(Problem description):
Starting with the line that holds "TH Corvara - Greif Hotel, Corvara", repeat each line through the last one below, exactly. Pictures stay out.

(Records to use):
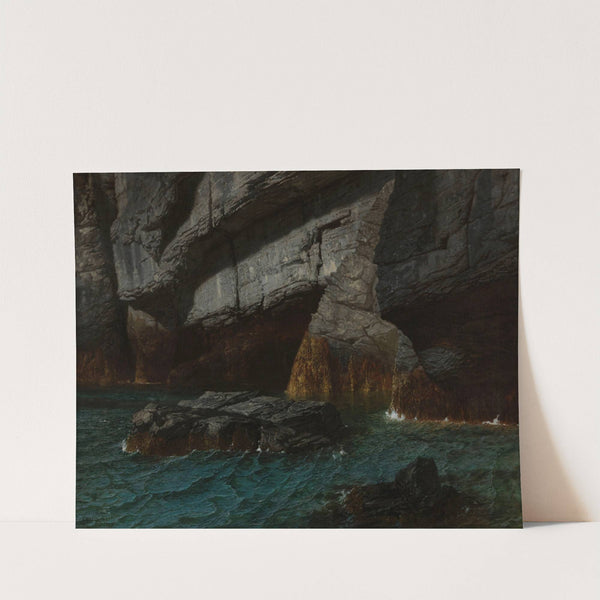 Côtes de Belleville by Octave Penguilly-L&#039;haridon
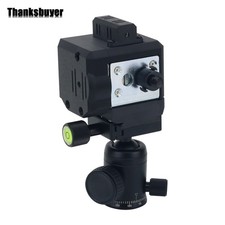 Nano Light Pocket Equatorial Mount Star Tracker Integrated for Astrophotography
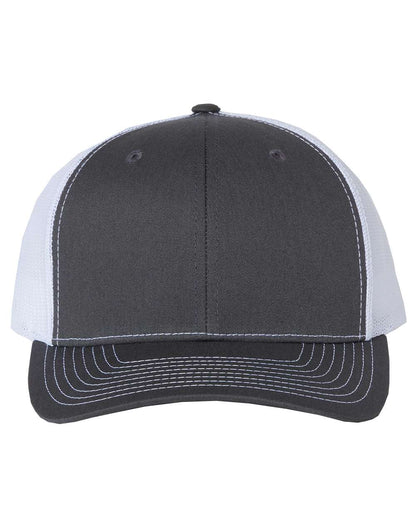 Richardson 112 Hat with Your Logo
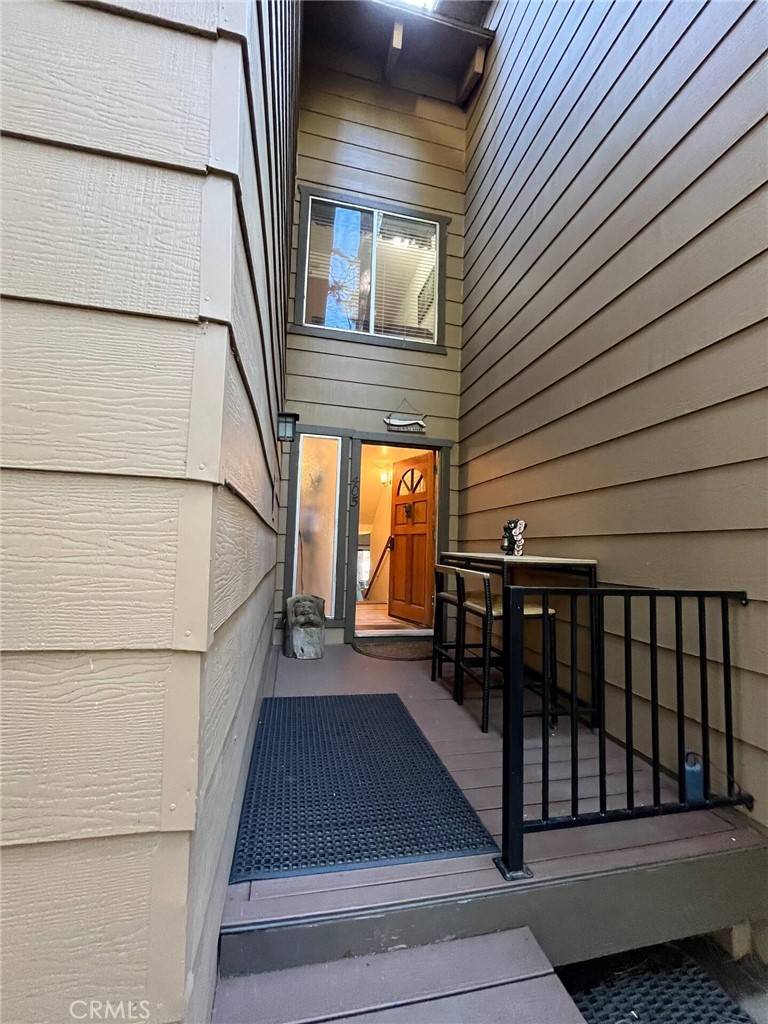 Lake Arrowhead, CA 92352,27821 Peninsula DR #405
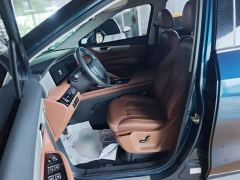 FAW Haima 7X 1.6T GDI Automatic Flagship - ფოტო 14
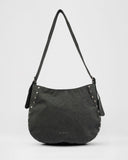 RUSTY Ballad Tote Bag - BLACK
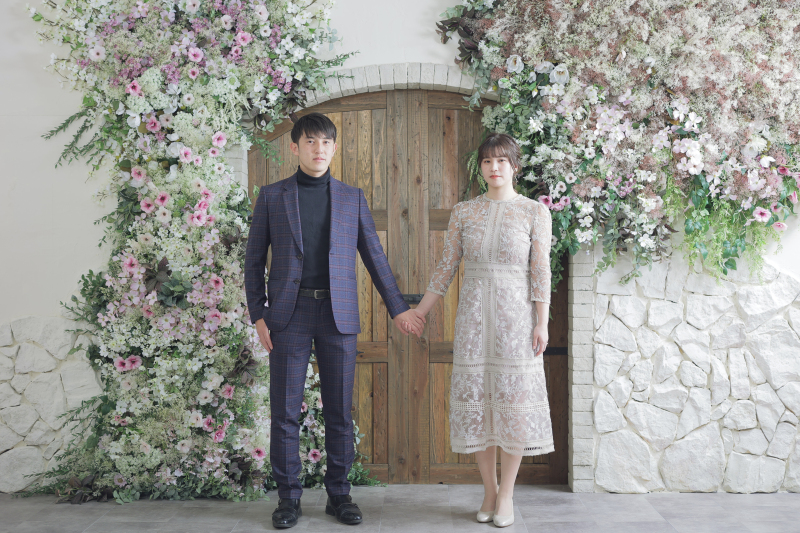 私服1着データ＆アルバムプラン　全データ付☆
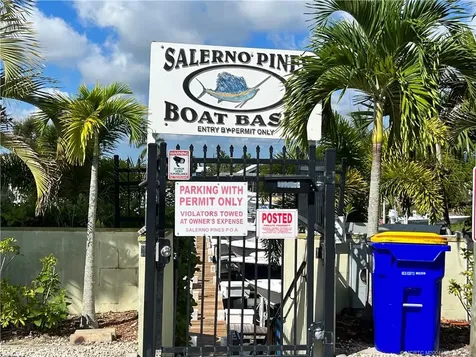 5714 SE Horseshoe Point Road Stuart FL 34997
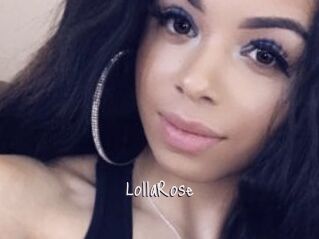 LollaRose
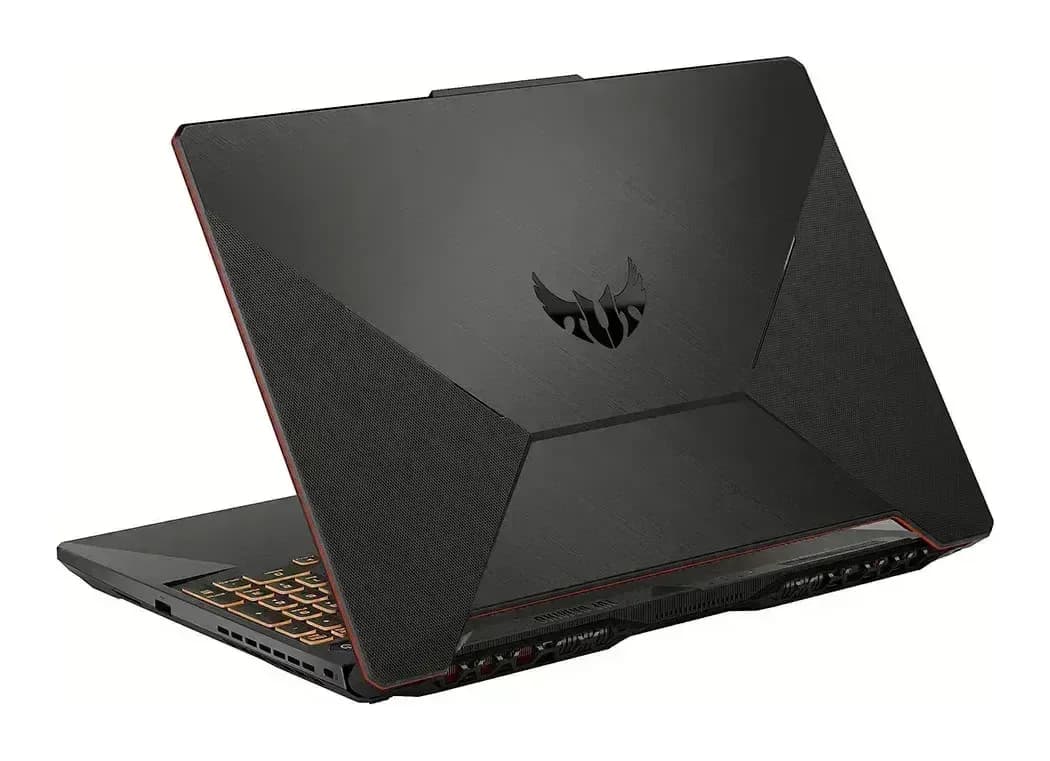 Игровой ноутбук Asus TUF Gaming A15 FA506NCG-HN220 без ОС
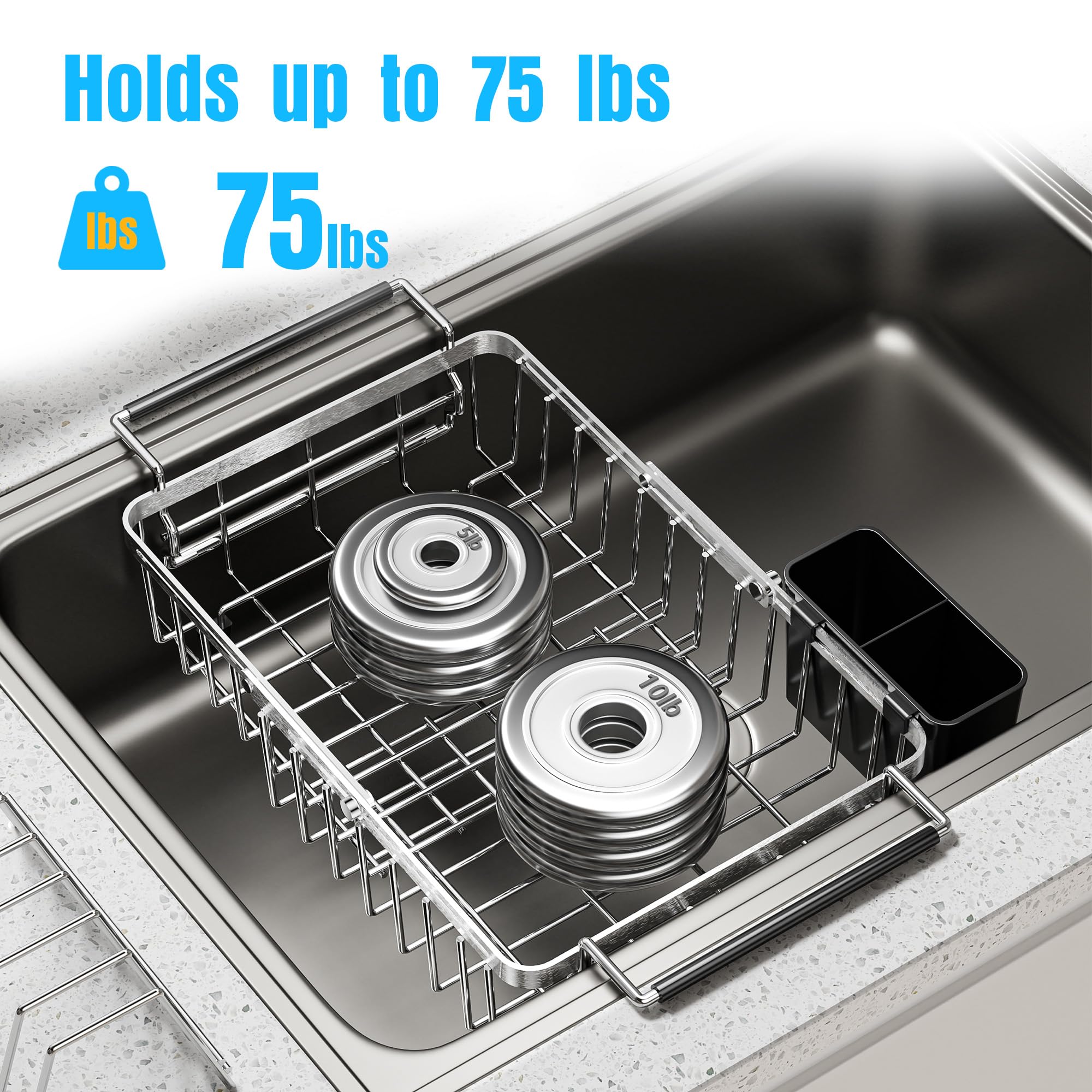 Aoibox LABWJ9WY Dish-Dryers - View #7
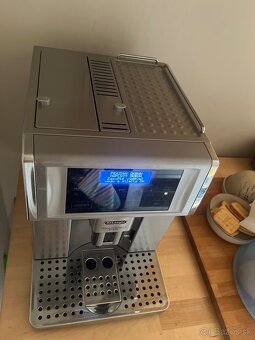 Kávovar Delonghi Primadonna avant - 8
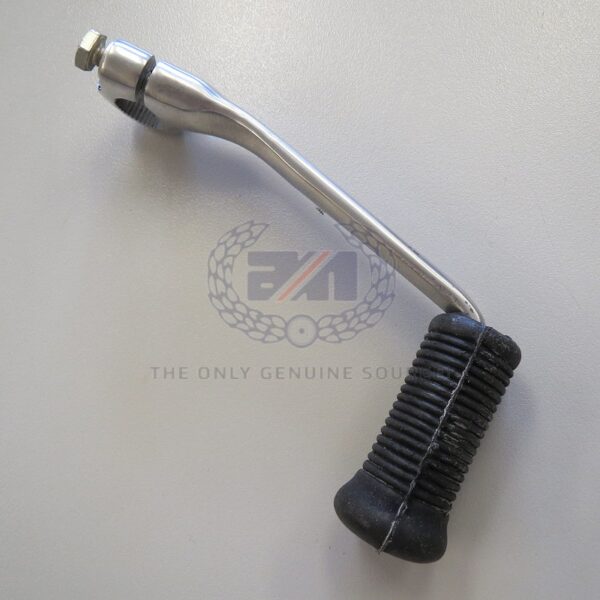 06.6188 GEARCHANGE PEDAL (850 Mk3) COMPLETE
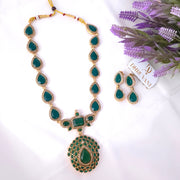 Jyothika inspired haram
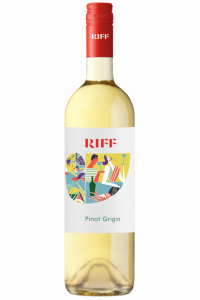 Pinot Grigio delle Venezie DOC Bio
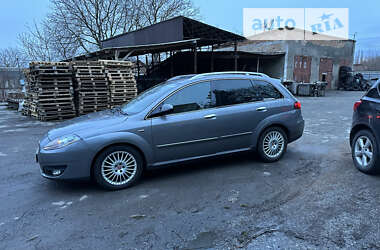 Ціни Fiat Croma Дизель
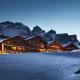 TH Corvara - Greif Hotel, Corvara
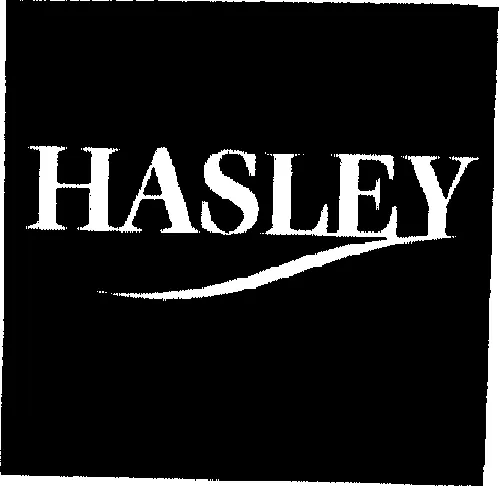 HASLEY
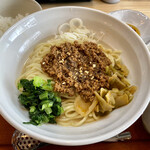 Abura Soba Mazesoba Abutake - 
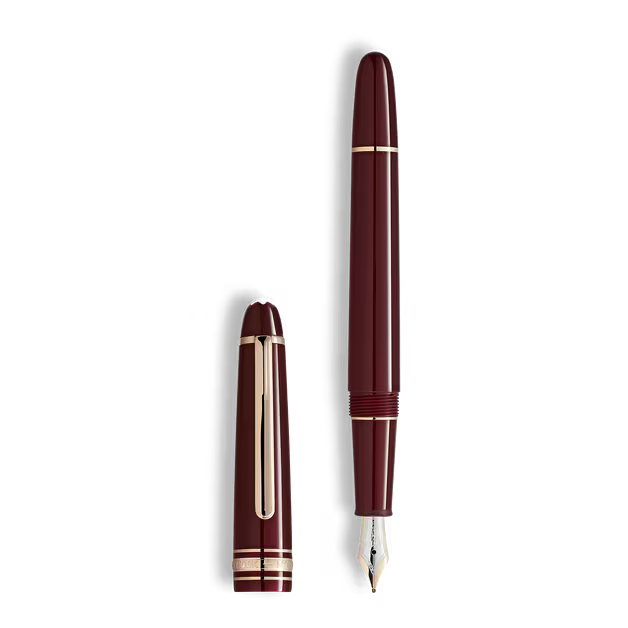 Montblanc Meisterstück 133014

(Task answer):
 TH Corvara - Greif Hotel, Corvara
 HASLEY
 Abura Soba Mazesoba Abutake - 
 Montblanc Meisterstück 133014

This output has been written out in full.